▶ _DATASET_

○ ○ ○ ○ ○ ○ ○

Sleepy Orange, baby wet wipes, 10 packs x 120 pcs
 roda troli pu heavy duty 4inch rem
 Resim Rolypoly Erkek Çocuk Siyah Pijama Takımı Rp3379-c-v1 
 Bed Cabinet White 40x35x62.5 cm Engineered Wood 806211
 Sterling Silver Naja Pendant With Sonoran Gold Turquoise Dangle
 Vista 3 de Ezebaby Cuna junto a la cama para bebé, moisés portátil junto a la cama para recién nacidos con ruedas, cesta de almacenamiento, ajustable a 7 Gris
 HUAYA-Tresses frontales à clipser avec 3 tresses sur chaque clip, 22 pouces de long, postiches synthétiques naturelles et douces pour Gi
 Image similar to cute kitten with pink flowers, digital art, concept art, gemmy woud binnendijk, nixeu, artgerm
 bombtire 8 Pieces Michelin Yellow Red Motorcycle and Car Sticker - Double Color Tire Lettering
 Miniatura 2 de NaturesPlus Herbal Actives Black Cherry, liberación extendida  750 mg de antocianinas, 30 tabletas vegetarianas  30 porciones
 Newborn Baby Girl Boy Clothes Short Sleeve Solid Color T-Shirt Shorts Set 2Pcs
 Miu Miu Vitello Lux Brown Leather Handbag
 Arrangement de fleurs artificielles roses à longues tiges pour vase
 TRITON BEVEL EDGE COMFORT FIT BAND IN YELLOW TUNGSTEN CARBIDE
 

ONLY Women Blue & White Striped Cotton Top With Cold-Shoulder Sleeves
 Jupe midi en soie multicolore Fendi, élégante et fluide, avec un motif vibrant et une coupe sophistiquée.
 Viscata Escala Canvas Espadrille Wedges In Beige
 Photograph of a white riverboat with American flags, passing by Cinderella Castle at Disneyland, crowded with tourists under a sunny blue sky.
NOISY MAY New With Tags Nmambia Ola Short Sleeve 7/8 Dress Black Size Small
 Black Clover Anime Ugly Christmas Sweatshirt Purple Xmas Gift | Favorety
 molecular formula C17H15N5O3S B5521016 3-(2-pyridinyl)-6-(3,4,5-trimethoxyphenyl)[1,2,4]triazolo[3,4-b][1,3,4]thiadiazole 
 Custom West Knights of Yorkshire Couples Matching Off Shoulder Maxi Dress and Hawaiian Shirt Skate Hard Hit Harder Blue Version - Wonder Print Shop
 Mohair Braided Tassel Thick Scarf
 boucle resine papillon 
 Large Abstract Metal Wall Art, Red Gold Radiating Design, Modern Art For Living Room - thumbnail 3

○ ○ ○ ○ ○ ○ ○

▶ _TO DO_
Within the material, find all lines that hold the word "avec" and show them.

▶ _EXERCISE RESULT_
 HUAYA-Tresses frontales à clipser avec 3 tresses sur chaque clip, 22 pouces de long, postiches synthétiques naturelles et douces pour Gi
 Jupe midi en soie multicolore Fendi, élégante et fluide, avec un motif vibrant et une coupe sophistiquée.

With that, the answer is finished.